Available data —
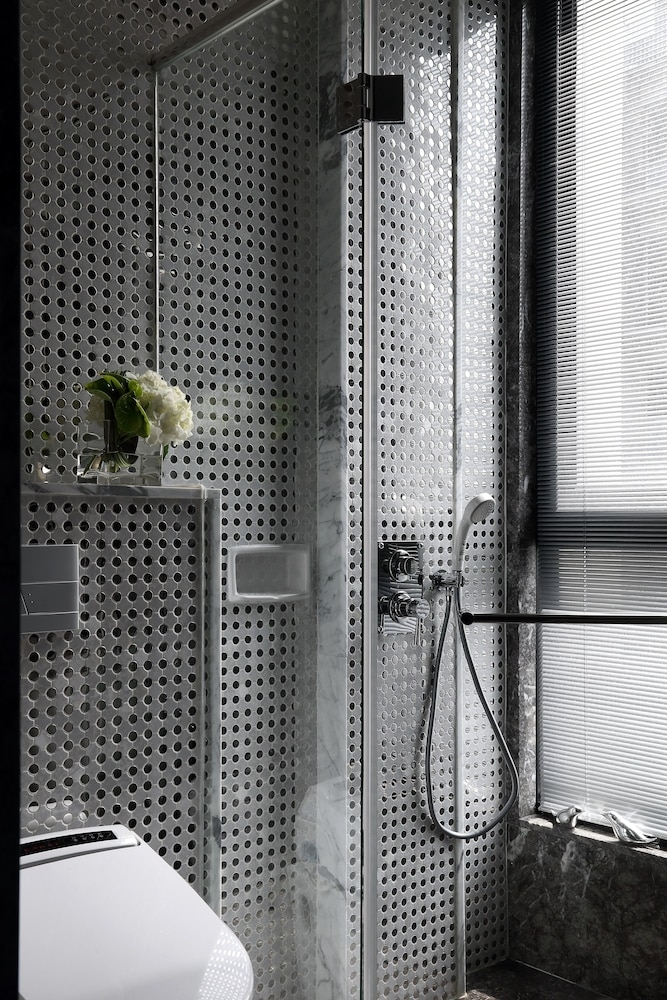 バスルームのシャワー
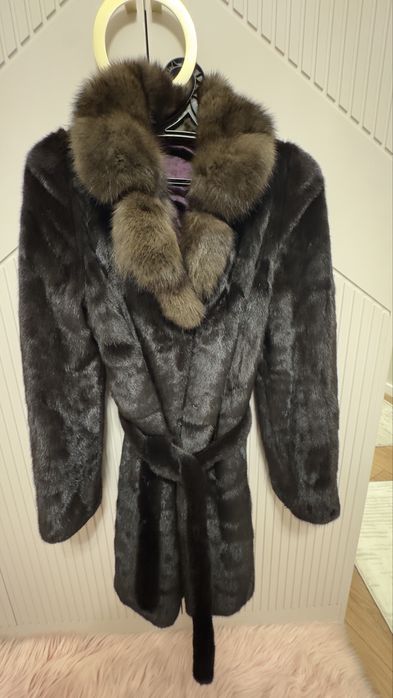 Норковая шуба с воротником из соболя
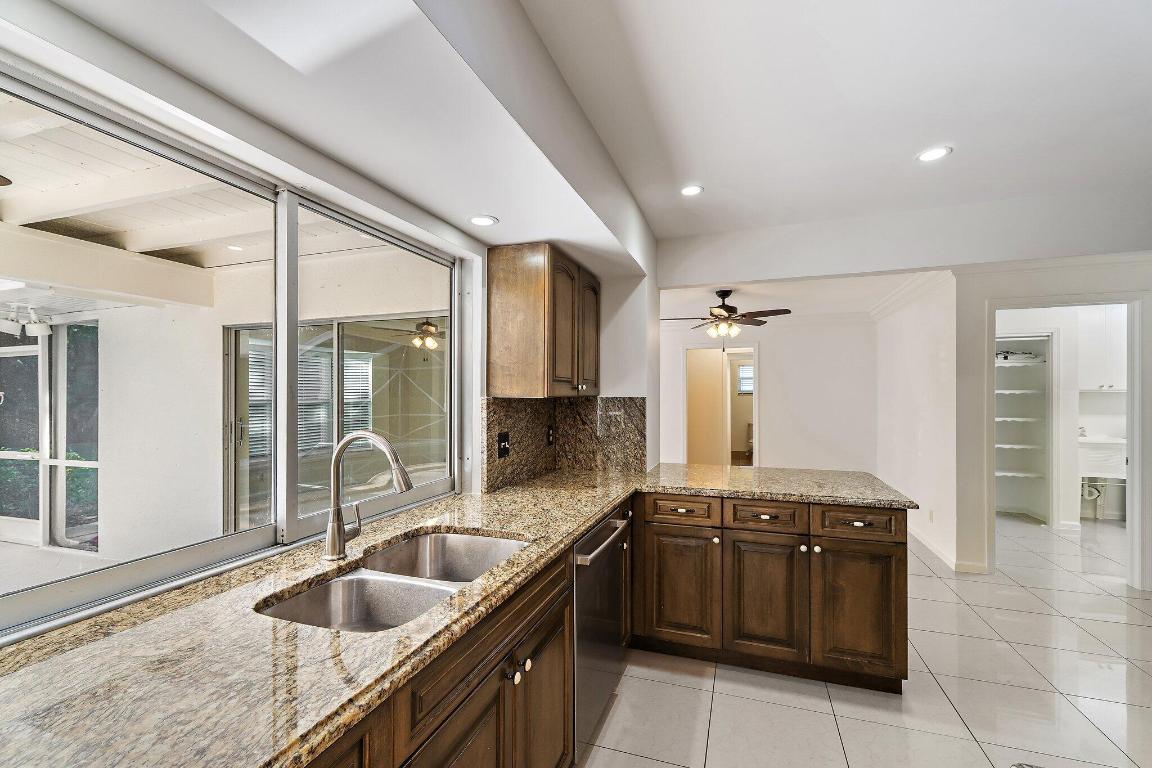 ANCHORAGE POINT - Residential Lease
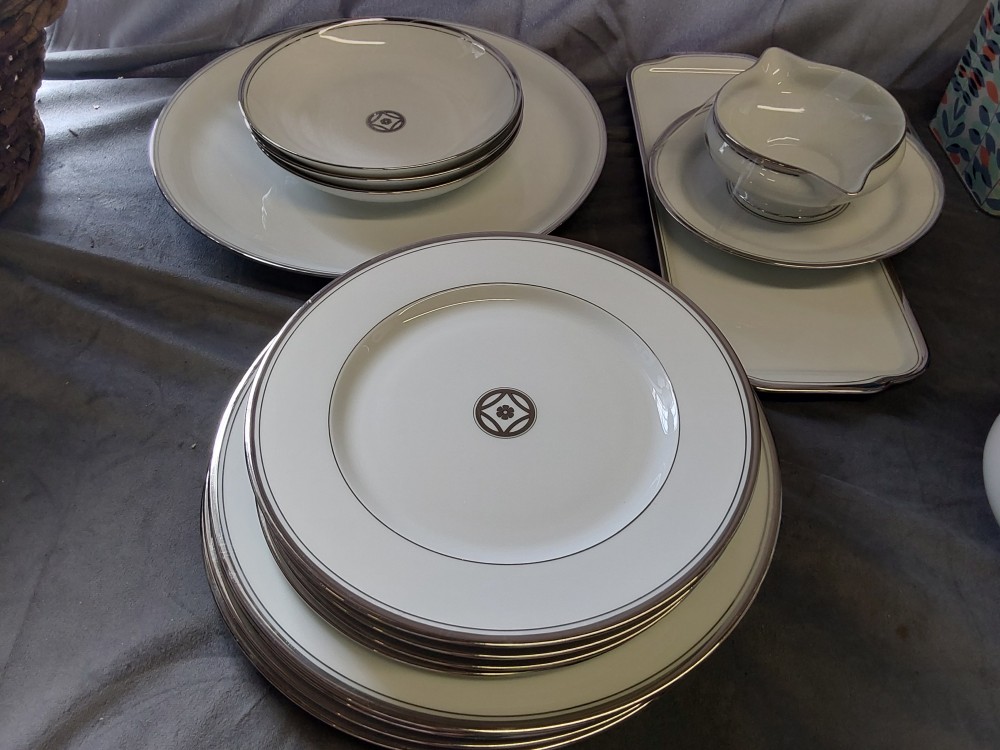 LOT DE VAISSELLES A COMPLETER LIMOGES BORDURES ARGENTES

About this exercise —
Return the listing unchanged except for the pictures, which should be dropped.

Exercise result —
 バスルームのシャワー
 Норковая шуба с воротником из соболя
 ANCHORAGE POINT - Residential Lease
 LOT DE VAISSELLES A COMPLETER LIMOGES BORDURES ARGENTES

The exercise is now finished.